Jerzy Jarzębski : Problèmes d’autodéfinition
Jerzy Jarzębski : Gombrowicz : problèmes d’autodéfinition, dans Witold Gombrowicz entre l’Europe et l’Amérique, dir. Marek Tomaszewski, Presses Universitaires du Septentrion, Villeneuve d’Ascq, 2007.
Extrait :
Nous apercevons facilement que ce qui fascine Gombrowicz dans la littérature, c’est la situation même de l’homme en train d’exprimer son « moi ». Sur fond de toutes les proclamations de « la mort de l’auteur », dont la théorie de la littérature abonde ces dernières décennies, la position de l’auteur de Ferdydurke peut paraître anachronique. Cependant, il n’en est rien. Gombrowicz se rend parfaitement compte de la subjectivité qui s’opère dans la culture contemporaine ; ainsi son « moi » n’est pas un « point de départ » axiomatique de toute réflexion, constant et déterminé. Bien au contraire ! Le « moi » gombrowiczéen est toujours en train de se générer, il demeure instable et problématique, tributaire tant de l’histoire personnelle de l’écrivain, des conditions génétiques et des processus de formation et d’éducation, que de l’enchevêtrement social et des situations dont il relève, des partenaires de communication, du langage ou du style employés à un moment donné, etc.
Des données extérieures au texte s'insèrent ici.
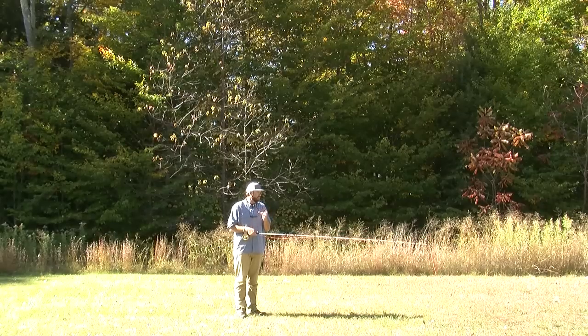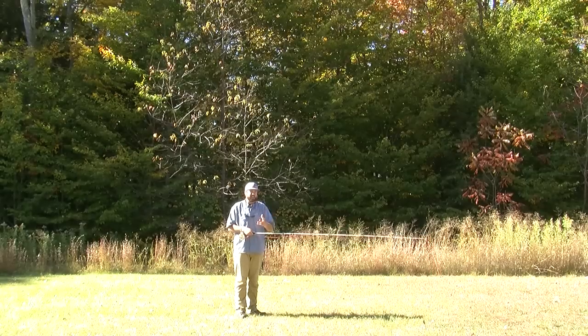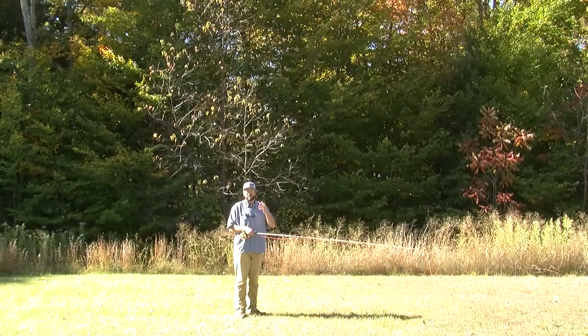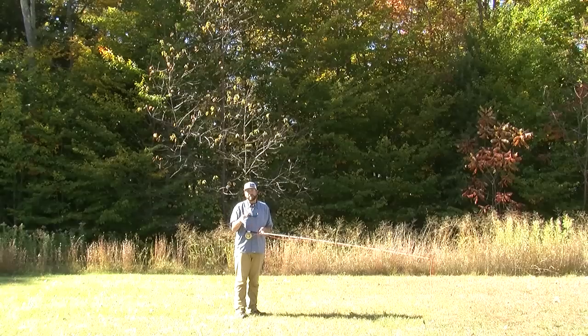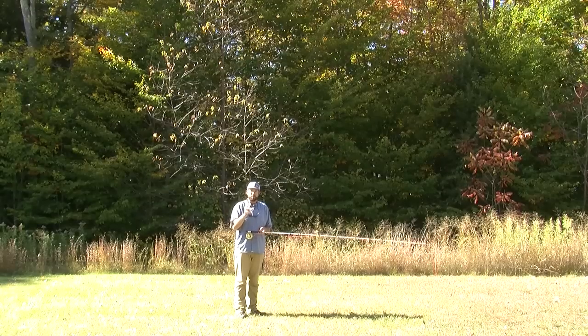The first thing you want to do when you're working with kids is you don't want to talk about straight line paths, loads, bend, flex, or any of that stuff. We've got to keep it really simple and short. Make the lesson all about them.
Dans le « moi » répété quatre fois au début du premier volume du Journal, les critiques ont pris l’habitude de voir un même « moi » amplifié à l’extrême, alors que pour ma part, c’est la succession des jours de la semaine qui m’interpellait ; en effet, le « moi » du lundi, ceux du mardi, du mercredi et du jeudi sont disposés en série, et s’ils sont certes différents car se formant dans le temps, ils s’entrechoquent et sont aux prises les uns avec les autres. En créant son Tango Gombrowicz, un spectacle présenté au Teatr Stary de Cracovie, Mikołaj Grabowski l’aura pensé de la même manière, puisqu’il a fait prononcer le « moi » à quatre acteurs différents qui incarnent ensuite quatre variantes personnelles d’un Gombrowicz héros du spectacle. Ajoutons encore que les quatre versions du « moi » ne venaient pas seulement du texte, mais aussi de la personnalité des acteurs eux-mêmes : chaque acteur était à la fois Gombrowicz et lui-même, prouvant ainsi à quel point chaque moi renferme le reflet des autres « moi » qui l’accompagnent et le complètent.
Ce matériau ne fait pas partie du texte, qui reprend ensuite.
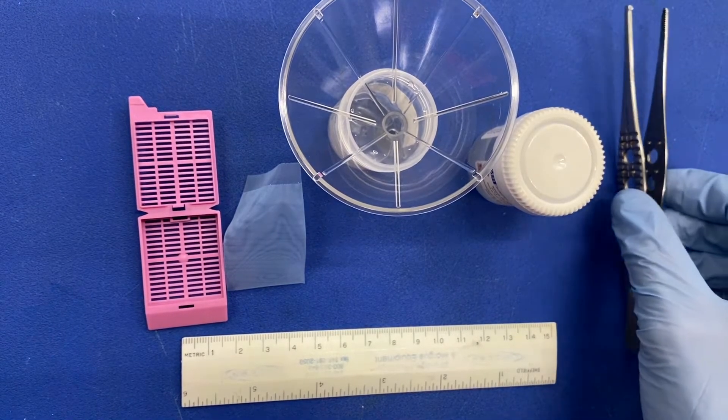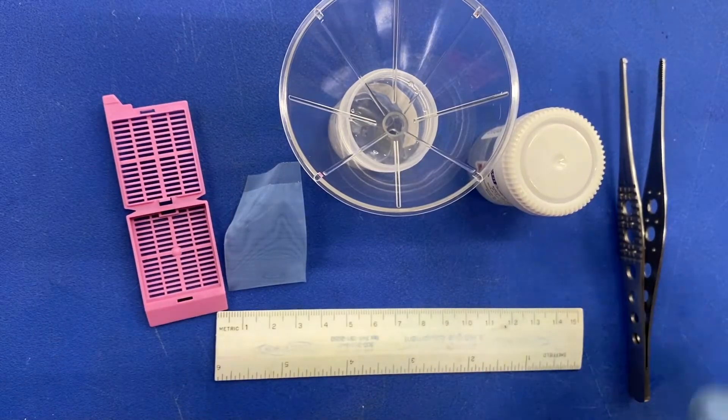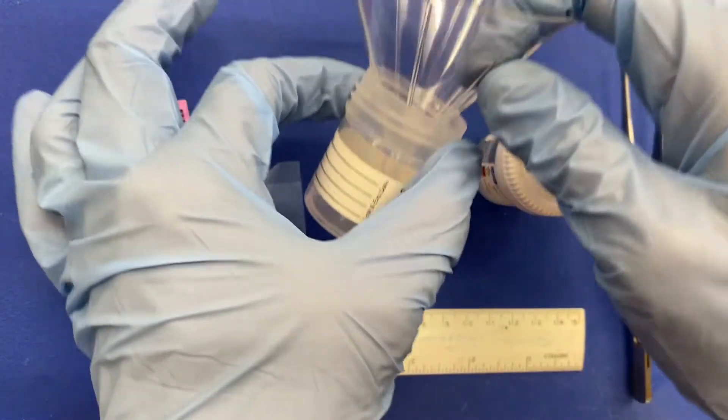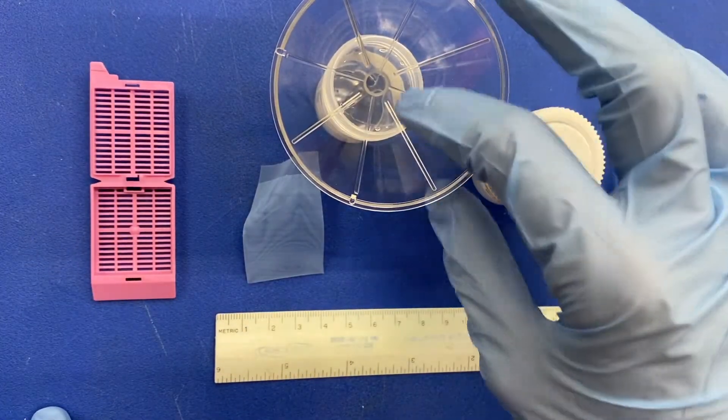You will want to have forceps, a ruler, an empty specimen container, a biopsy bag, and a small funnel in order to proceed.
Janusz Margański a intitulé son excellent ouvrage sur l’œuvre de Gombrowicz : Gombrowicz : wieczny débiutant [1]. Les débuts réitérés de Gombrowicz découlaient, bien évidemment, des cataclysmes existentiels à cause desquels il était amené, en tant qu’écrivain, à recommencer chaque fois à nouveau, à se réinstaller dans des réalités nouvelles, à se présenter à des lecteurs qui ne le connaissaient pas. Mais, qui sait ?, ces débuts perpétuels renferment-ils peut-être un accomplissement de rêves secrets ? Gombrowicz aima pourtant la situation d’éternel indéfini, de non-établi, à laquelle on parvient le plus facilement dans un milieu étranger, situation qu’une position acquise parmi les siens ne saurait privilégier.
[1] Janusz Margański, Gombrowicz -wieczny débiutant [Gombrowicz : l’étemel débutant, Wydawnictwo Literackie, Kraków, 2001.